--- START ---

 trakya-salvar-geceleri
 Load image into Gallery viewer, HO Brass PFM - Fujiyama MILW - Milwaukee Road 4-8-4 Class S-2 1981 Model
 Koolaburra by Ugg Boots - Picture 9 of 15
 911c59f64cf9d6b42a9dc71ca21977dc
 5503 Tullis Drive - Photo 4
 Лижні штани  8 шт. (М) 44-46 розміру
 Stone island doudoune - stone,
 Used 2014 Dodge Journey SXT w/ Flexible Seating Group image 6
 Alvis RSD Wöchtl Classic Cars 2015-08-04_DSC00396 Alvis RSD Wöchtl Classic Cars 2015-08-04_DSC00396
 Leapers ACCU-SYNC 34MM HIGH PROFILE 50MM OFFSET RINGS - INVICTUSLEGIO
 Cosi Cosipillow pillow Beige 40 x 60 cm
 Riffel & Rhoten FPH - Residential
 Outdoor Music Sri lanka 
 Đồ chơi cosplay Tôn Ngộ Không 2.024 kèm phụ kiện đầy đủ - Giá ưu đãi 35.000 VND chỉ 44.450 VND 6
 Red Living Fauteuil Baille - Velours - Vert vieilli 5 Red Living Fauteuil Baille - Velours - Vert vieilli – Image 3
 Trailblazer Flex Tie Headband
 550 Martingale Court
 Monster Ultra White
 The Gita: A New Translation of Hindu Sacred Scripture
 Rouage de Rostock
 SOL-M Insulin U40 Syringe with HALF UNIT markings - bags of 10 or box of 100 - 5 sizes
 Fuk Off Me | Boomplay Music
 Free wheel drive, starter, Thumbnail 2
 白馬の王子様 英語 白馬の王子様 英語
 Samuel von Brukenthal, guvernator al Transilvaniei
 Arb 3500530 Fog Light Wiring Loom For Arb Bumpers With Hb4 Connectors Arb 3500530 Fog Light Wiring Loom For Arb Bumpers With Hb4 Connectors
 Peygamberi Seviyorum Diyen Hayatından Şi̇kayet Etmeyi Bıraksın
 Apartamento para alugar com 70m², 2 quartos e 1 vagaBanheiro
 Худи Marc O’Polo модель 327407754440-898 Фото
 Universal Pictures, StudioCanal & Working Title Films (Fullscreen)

--- END ---

**Exercise description:**
Among the records above, find each line containing the string "Music" and copy it.

**Answer for the task:**
 Outdoor Music Sri lanka 
 Fuk Off Me | Boomplay Music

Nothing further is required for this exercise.